What is expected: Restate the listing below line for line and word for word, without the pictures.

Records shown:
Segment Open

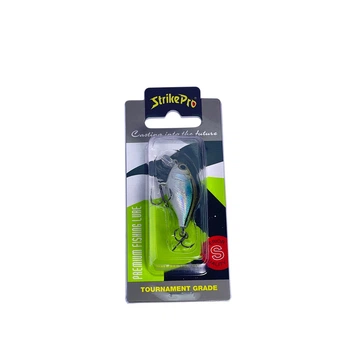Воблер Strike Pro Cranky 40F 4г 611T,5055277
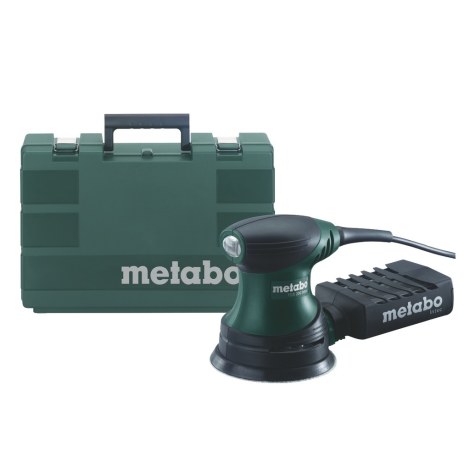 Epäkeskohiomakone Metabo FSX 200 Intec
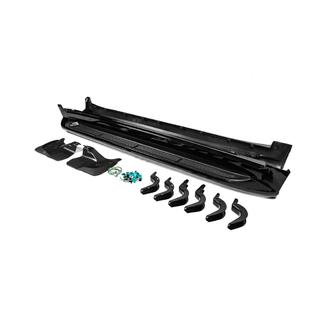 LED Side Skirts (Lexus 2012-2016 Design) Lexus LX570/450d 2008-2022 photo 2
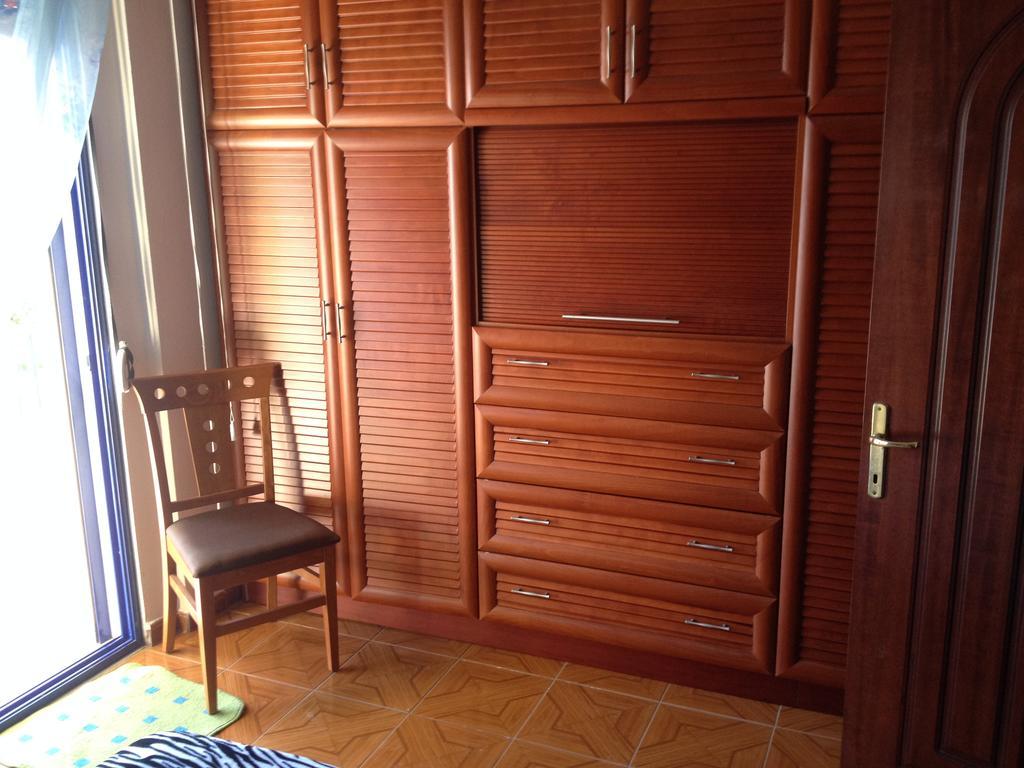 Skala Fourkas Holiday Home Kültér fotó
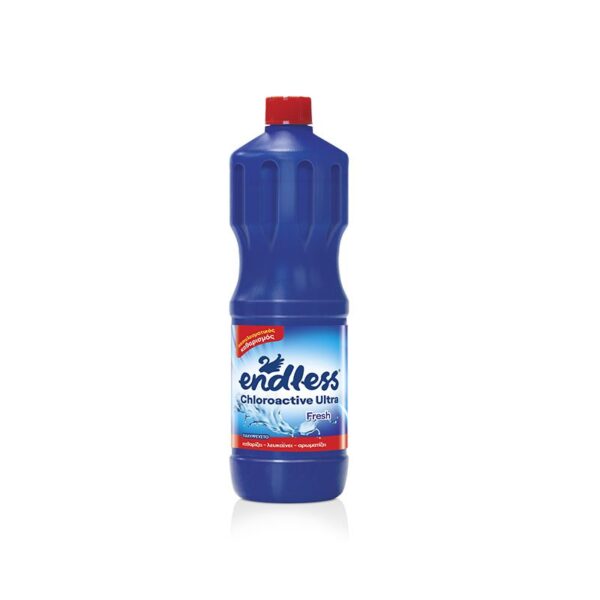 Endless Χλωρίνη Παχύρευστη Fresh 1250ml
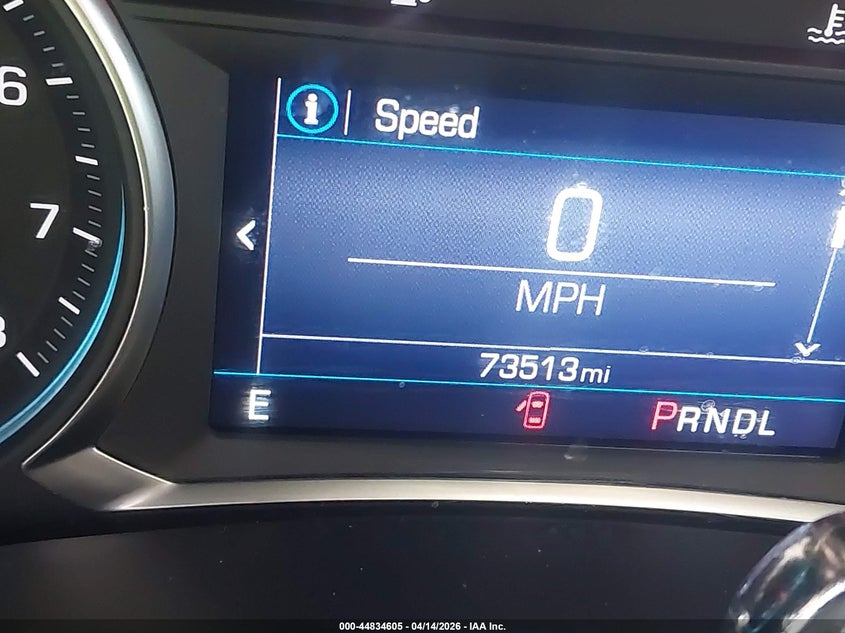 2021 CHEVROLET EQUINOX FWD LT — Photo 16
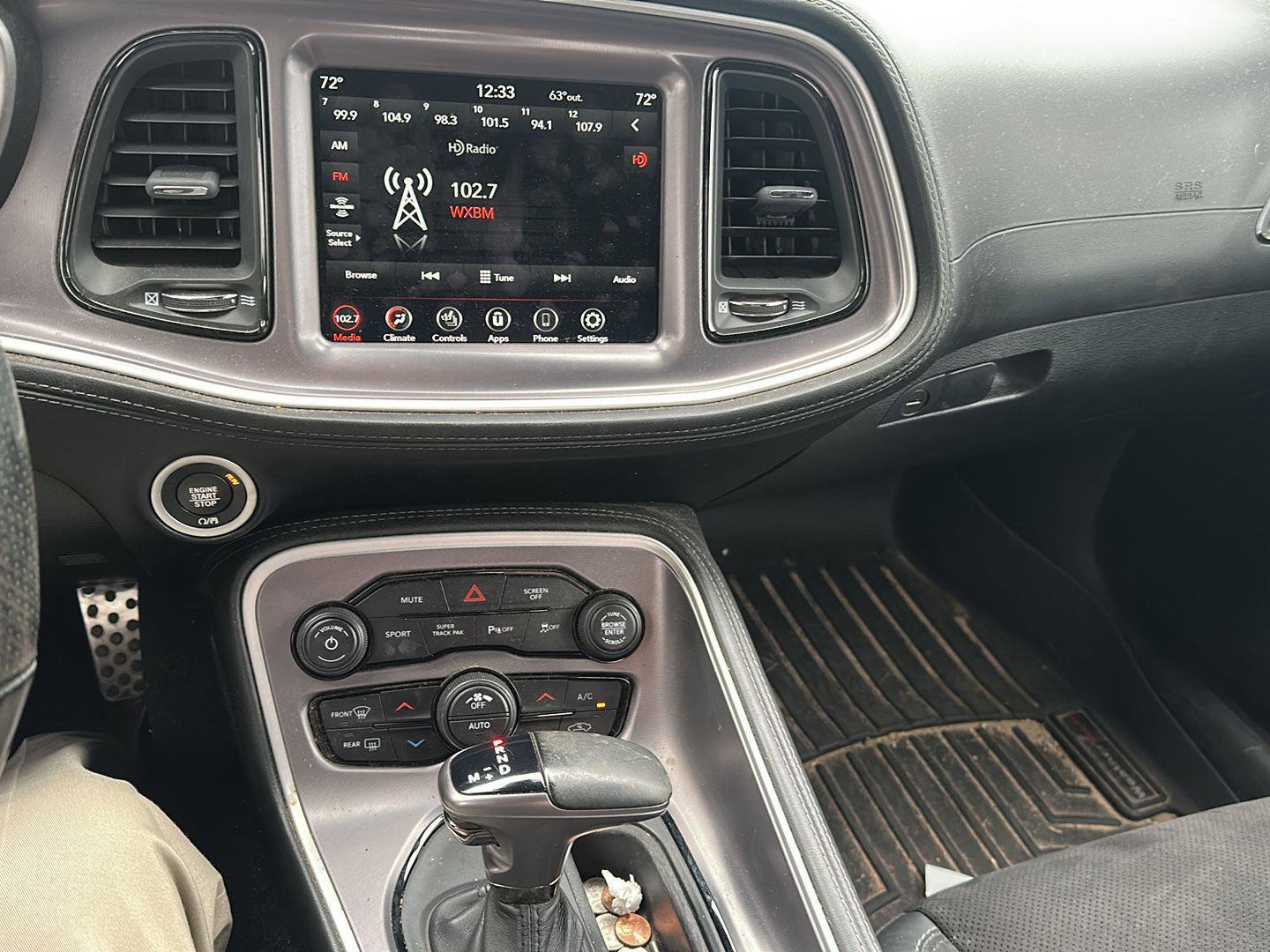 Used 2020 Dodge Challenger R/T w/ Plus Package image 23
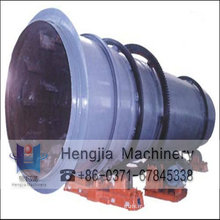 Ciment séchage four rotatif de la machine Hengjia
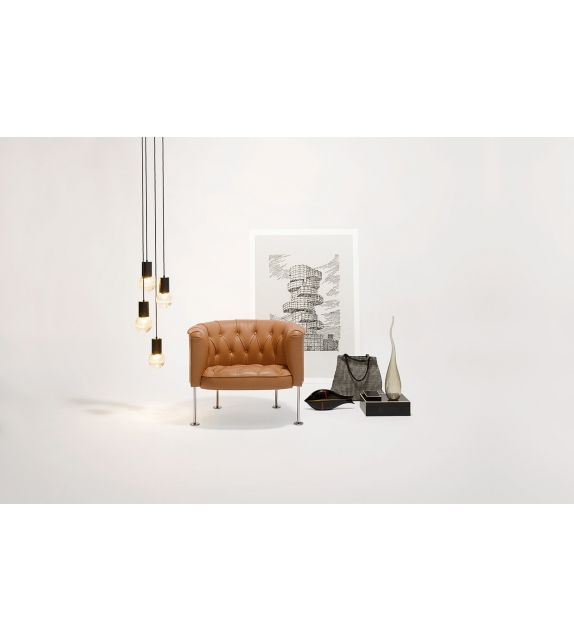 Haussmann Walter Knoll Sessel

Segment Closed

Result below:
Воблер Strike Pro Cranky 40F 4г 611T,5055277
 Epäkeskohiomakone Metabo FSX 200 Intec
 LED Side Skirts (Lexus 2012-2016 Design) Lexus LX570/450d 2008-2022 photo 2
 Skala Fourkas Holiday Home Kültér fotó
 Endless Χλωρίνη Παχύρευστη Fresh 1250ml
 2021 CHEVROLET EQUINOX FWD LT — Photo 16
 Used 2020 Dodge Challenger R/T w/ Plus Package image 23
 Ciment séchage four rotatif de la machine Hengjia
 Haussmann Walter Knoll Sessel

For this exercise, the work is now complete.